What are important features of asthma that make it difficult to define?
No tests.
Symptoms are identical to LRTI.
Has phases of relapse and remission.
What is asthma?
A chronic condition, characterised by a wheeze, cough, and SOB.
Has multiple triggers.
Variable and reversible.
Responds to asthma Rx.
Often starts in childhood.
What are some factors for asthma?
The host’s response to the environment.
Infection.
Abnormal physiology before symptoms.
What are some inconsistencies with asthma?
Different severities and age of onset.
Heterogeneity in response.
Different triggers.
What is the aetiology for asthma?
Genetics.
Interaction with the environment.
Epigenetics.
What can a primary epithelial abnormality result in?
Ezcema, asthma, etc. from an allergen.
Allergy can occur and fuels asthma.
What is the epidemiology of asthma?
Prevalence is decreasing, due to increasing recognition.

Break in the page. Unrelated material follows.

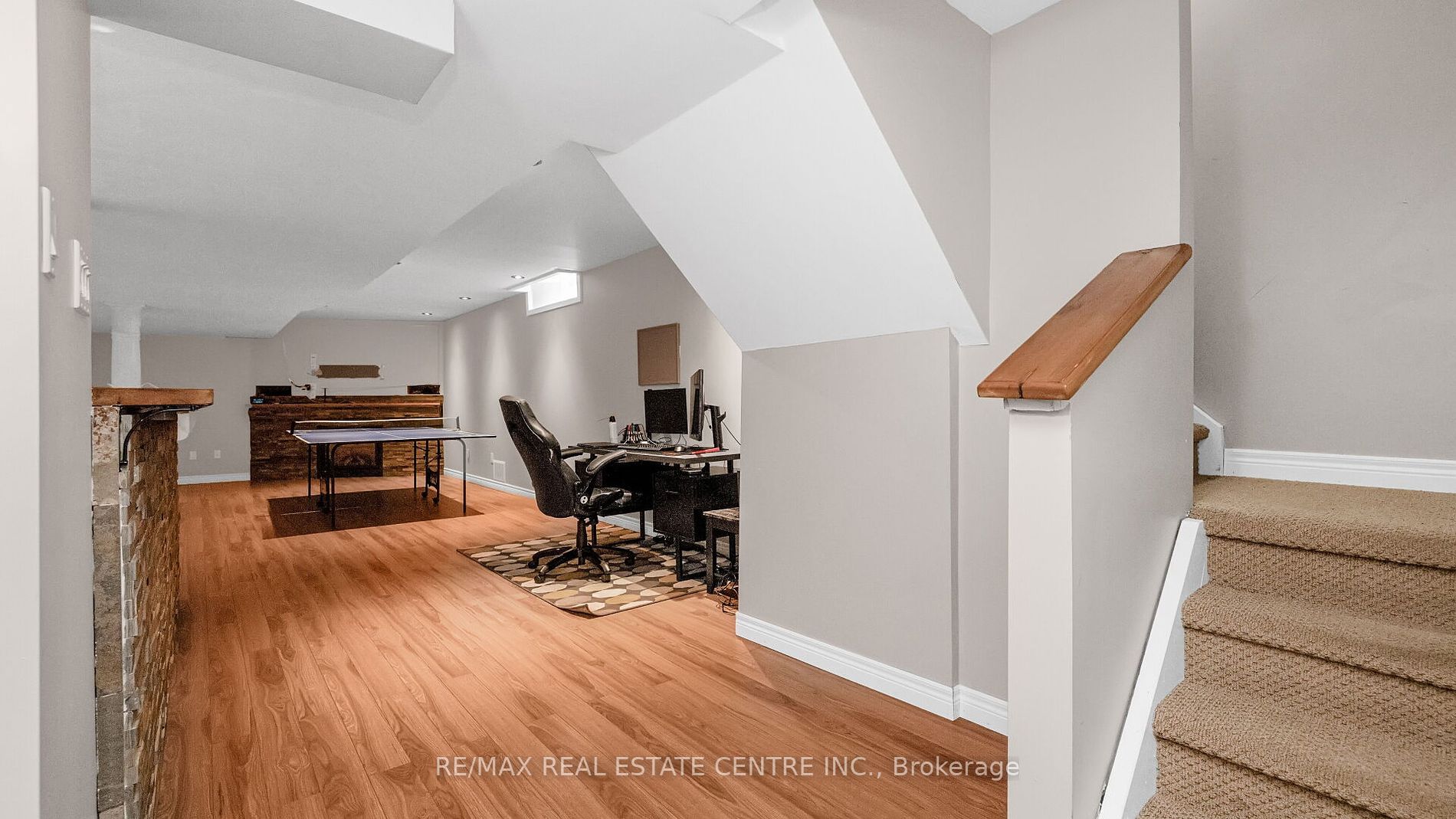 25 Mowat Crescent
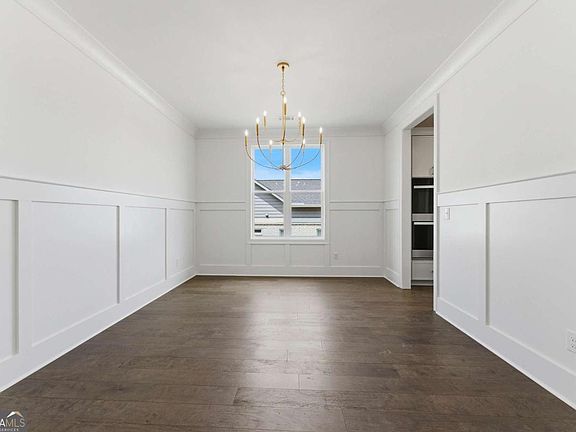 4th image of 2690 Marie Way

Westernisation is likely a cause of asthma.
The first three years of like have an influence on asthma prevalence.
What has proven the causation of asthma?
Feeding (breast, late weaning).
Allergens (antenatal and postnatal).
Smoking.
How do you diagnose asthma in children?
History is the most important.
An examination is often unhelpful.
Tests are used for excluding, not diagnosing.
What tests can be done to diagnose asthma?
Spirometry.
FeNO.
Skin prick test.
What is a wheeze?
A polyphonic musical noise, not in isolation.
The whistle of asthma - ribs in, stomach out.
What asthma variants exist in children?
A cough variant asthma does not exist in children.
Cough predominant asthma is not uncommon.
What is SOB (at rest)?
Significant respiratory difficulty from airway obstruction (<30% lung function).